Sunday night is still football night

Yes, the NFL plays prime-time games three nights per week.  Yes, there is no football night like Sunday night.

This year’s schedule on NBC starts with the Packers at the Seahawks on Thursday, September 4, in a rematch of the 2012 “Fail Mary” game.  Week One continues on Sunday night, as Broncos quarterback Peyton Manning hosts the team with which he spent 14 seasons, the Colts.

In Week Two, the Field of Jeans gets properly christened on Sunday night, with the Bears visiting the 49ers for the first game in their new stadium.

In Week Three, the Steelers travel to Carolina for a once-every-four-years game against the Panthers, a surprise playoff team in 2013.

In Week Four, the Saints return to Dallas for a game against the Cowboys.

In Week Five, the Bengals visit the Patriots, as Cincinnati tries to pile up enough wins to get to the playoffs for a fourth straight season.

For Week Six, the Giants travel to Philadelphia for one of the league’s most underrated rivalries.

Week Seven?  Jim Harbaugh gets a chance to “evaluate” Peyton Manning in person as the 49ers travel to Denver.

In Week Eight, the Packers visit the Saints.  Which means that Packers will twice play in prime time in stadiums where it’s virtually impossible to hear — and to win.

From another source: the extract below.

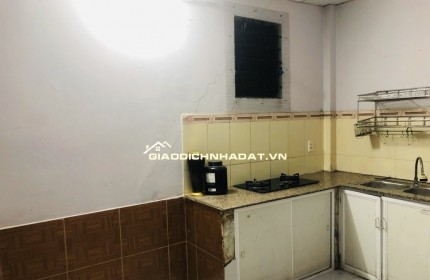 CHỈ 4.3 TỶ - 68/72M2 - HXH ĐỔ CỬA - THẠNH XUÂN 21 - QUẬN 12 - GIÁP GÒ VẤP - QUỐC LỘ 1.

Week Nine has the Ravens at Pittsburgh for a rematch of perhaps the most intense rivalry in football; Week 10 has Bears at Packers for the oldest rivalry in football.

In Week 11, the Patriots travel to Indianapolis, where Andrew Luck has replaced Peyton Manning in the regular matchups with Tom Brady.

For Week 12, the Cowboys face the Giants in New Jersey.

Week 13 takes Peyton Manning back to Arrowhead Stadium to face the Chiefs, three days after the Seahawks square off against the 49ers on NBC for Thanksgiving night.

In Week 14, the Patriots travel to the Chargers

Week 15 has the Cowboys at the Eagles, and Week 16 sees the Seahawks at Arizona.

The Week 17 game won’t be determined until after Week 16 ends.

Flexible scheduling applies from Week 11 through Week 16, with a new twist this year.  From Week Five through Week 10, two total games can be flexed by the league, if an unexpected injury or other development results in a game becoming far less compelling.

For now, it all looks very compelling.  And I’m not just saying that because of our NBC connection.  But that helps.